What needs to be changed: It's a throwback to the Section 88 era, when the government decided how one should split tax-saving investments. The sub-limits should be removed and the allocation of Rs 3 lakh should be left to the taxpayer. Real estate Original proposal: Removed the tax benefits on home loans. Rent presumed at 6% of value. Standard deduction reduced to 20% of rental income. Revised DTC: Reinstated home loan benefits and did away with 6% presumptive rent. No change in reduction of standard deduction. What needs to be changed: Any change in tax benefits should be from prospective effect. It would be unfair for existing borrowers if the rules are changed midway. The presumptive 6% rent checks tax leakage and should be reinstated. Capital gains Original proposal: Removed all distinction. All gains were to be uniformly taxed as income. Tax could be deferred by investing in Capital Gains Savings Scheme. Revised DTC: 50% of the long-term capital gains on equities to be tax-free and balance to be taxed at marginal rate.
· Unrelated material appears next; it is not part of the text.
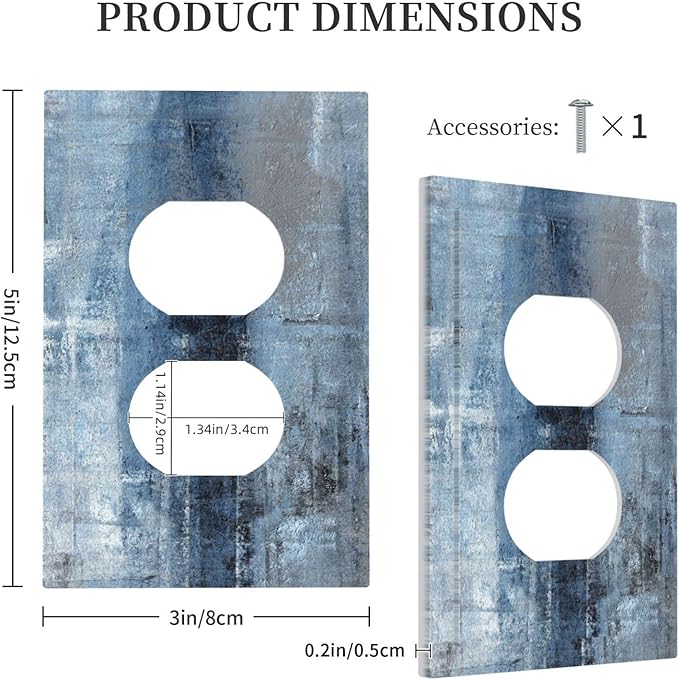Outlet Covers Navy Blue Gray Abstract Ink Painting 1 Gang Duplex Light Switch Cover Plate Decorative Wall Plates Electrical Switchplate Receptacle for Bathroom Bedroom Decor（2 Pack）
Capital Gains Savings Scheme shot down. What needs to be changed: The original proposal had simplified the tax structure but the revised bill introduced a complex calculation. A uniform tax on all gains, be it from equity, debt or gold (short- or longterm), will simplify things. Life insurance Original proposal: Tax benefits only if the cover is 20 times the annual premium. Revised DTC: No change, but later hinted at lower limit of 10 times the annual premium. What needs to be changed: Life insurance is the favourite tax-saving option for a lot of Indians. The original proposal had sharpened the focus on life cover offered by an insurance policy. This might make it difficult for people above 40 years to claim tax benefits on life insurance policies, but it will also make people buy life insurance for the right reasons and encourage longer terms. Retirement planning Original proposal: One umbrella Retirement Benefit Account (RBA) were to hold all retirement savings of an individual. Revised DTC: Dropped the RBA because it was difficult to build and maintain such a huge data base for individuals. What needs to be changed: The RBA can allow the investor to switch between options without any tax

implications and withdraw only after he is 60. The flexibility it offers can be an impetus for retirement savings. The excuse given in the revised draft that it is difficult to implement is not tenable.